The technical sophistication required for the creation of objects such as this one once led scholars to refer to this period as the Master Craftsmen Era (Castillo, 2017). The technology employed for producing these ornate metal objects, however, is still the subject of study (Lechtman, 1982; Schorsch, 1998).

The Moche (also known as the Mochicas) flourished on Peru’s North Coast from A.D. 200-850, centuries before the rise of the Incas. Over the course of some six centuries, the Moche built thriving regional centers from the Nepeña River Valley in the south to perhaps as far north as the Piura River, near the modern border with Ecuador, developing coastal deserts into rich farmlands and drawing upon the abundant maritime resources of the Pacific Ocean’s Humboldt Current. Although the Moche never formed a single centralized political entity, they shared unifying cultural traits such as religious practices (Donnan, 2010).

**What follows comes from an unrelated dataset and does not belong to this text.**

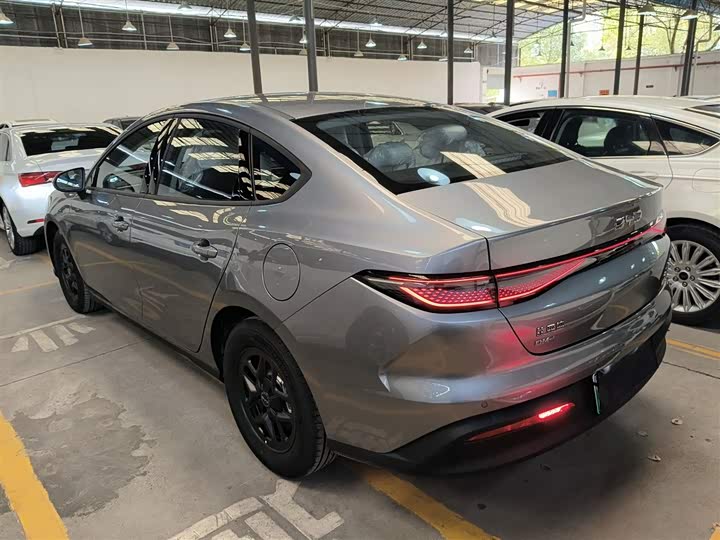 BYD Seal 05 DM-i Hybrid 2025 2025款 DM-i 智驾版 55KM豪华型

This object was said to have been found at the burial site of Loma Negra, which was one of the most northern outposts of Moche culture. Loma Negra works in metal share similar iconography with ceramics and metalwork found at Moche sites father to the south, such as Ucupe (Bourget, 2014). The precise relationship between the Loma Negra and the Moche “heartland” remains a subject of debate, however (Kaulicke, 2006).

The function of disks such the present example is unclear. They may have served as shield frontals, attached to a cane backing, but the delicate nature of the design would have limited its protective function in actual battle. Thus, these objects may have been intended for ritual use as symbolic weapon adornments. Alternatively, they may have been attached to textile banners or hangings.

References and Further Reading
Bourget, Steve. Les rois mochica: Divinité et pouvoir dans le Pérou ancient. Paris: Somogy éditions d'art; Geneva: MEG, Musée d'ethnographie de Genève, 2014.

Castillo, Luis Jaime. “Masters of the Universe: Moche Artists and Their Patrons.” In Golden Kingdoms: Luxury Arts in the Ancient Americas, edited by Joanne Pillsbury, Timothy Potts, and Kim N. Richter. Los Angeles: J. Paul Getty Museum, 2017, pp. 24-31.

Donnan, Christopher B. “Moche State Religion.” In New Perspectives on Moche Political Organization, edited by Jeffrey Quilter and Luis Jaime Castillo. Washington D.C.: Dumbarton Oaks Research Library and Collection, 2010, pp. 47-69.

Kaulicke, Peter. “The Vicús-Mochica Relationship.” In Andean Archaeology III, edited by William H Isbell and Helene H. Silverman. Boston, MA: Springer, 2006, pp. 85-111.

Lechtman, Heather, Antonieta Erling, and Edward J. Barry Jr. "New Perspectives on Moche Metallurgy: Techniques of Gilding Copper at Loma Negra, Northern Peru." American Antiquity vol. 47 (1982), pp. 3-30.

Schorsch, Deborah. "Silver-and-Gold Moche Artifacts from Loma Negra, Peru." Metropolitan Museum Journal vol. 33 (1998), p. 113, fig. 7, 8.